Будущий герой сначала зарождается в душе народа, а уж потом является на свет, душа народа предугадывает его в скоплении некоего духа, рассеянного в мире, и ждет его прихода. В каждую эпоху, как говорят, появляется герой, который ей нужен. И это понятно, поскольку герой каждой эпохи впитывает в себя великие идеи своего времени, единственно для того времени великие; он чувствует потребности своего времени, свойственные только той эпохе, и проникается ими. И иной герой может кончить дни в нищете или унижении, на галерах или в сумасшедшем доме, а случается, и на эшафоте.

Герой – это индивидуализированная коллективная душа народа: его сердце бьется в унисон с сердцем народа, но его ощущения более субъективны; это прототип народа и его воплощение, духовная суть народа. И нельзя сказать, что герои ведут народ за собой – нет, герой – это сознание и словесное выражение народных устремлений.

Герой, царственное рождение которого предчувствуют, часто слишком возвышен, чтобы предстать в смертной плоти; а иной раз непомерно ограниченной, для того чтобы принять его, оказывается среда; тогда возникает идеал, легендарный или книжный, рождающийся не во чреве женщины, а в фантазии мужчины. Эти герои, что живут и борются, и ведут народы к борьбе, и в ней поддерживают их, не менее реальны и живы, чем герои, облеченные в плоть и кровь, осязаемые и бренные.

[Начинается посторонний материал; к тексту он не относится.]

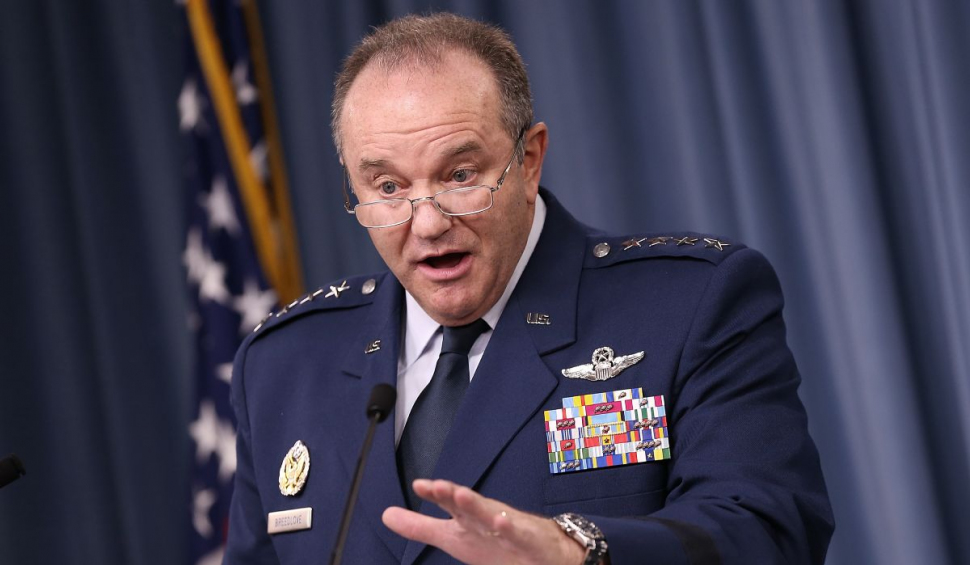 Fostul comandant suprem al NATO în Europa: ”Amenințarea nucleară este pe masă acum”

Справедливо, что Великий капитан, или Фран– сиско Писарро, или Эрнан Кортес7 привели своих солдат к победе, но не менее верно и то, что Дон Кихот поддерживает дух мужественных борцов, внушая им решимость и веру, утешая в поражении, призывая к сдержанности в миг торжества. Он живет с нами и поднимает наш дух; в жизни бывают моменты, когда ты видишь его верхом на Росинанте, явившемся помочь, подобно святому Иакову,8 тем, кто его призывает. Действовать – значит существовать, а сколько живых людей, находящихся в плену узкого сегодня, создают меньше, чем великий безумец, в котором возродился славный Алонсо Кихано, когда мозги его высохли и он утратил разум. Когда мы вернемся в землю, откуда мы вышли, разве от нас останется больше, чем от Дон Кихота? Что осталось от Сида Амета, его биографа? В преходящем и случайном мире наш дух постоянно и необходимо творит. В этом состоит величайшая реальность; вся история является идеализацией существующего во имя того, чтобы идеал обрел существование. Создал ли Гомер Ахилла или Ахилл его создал?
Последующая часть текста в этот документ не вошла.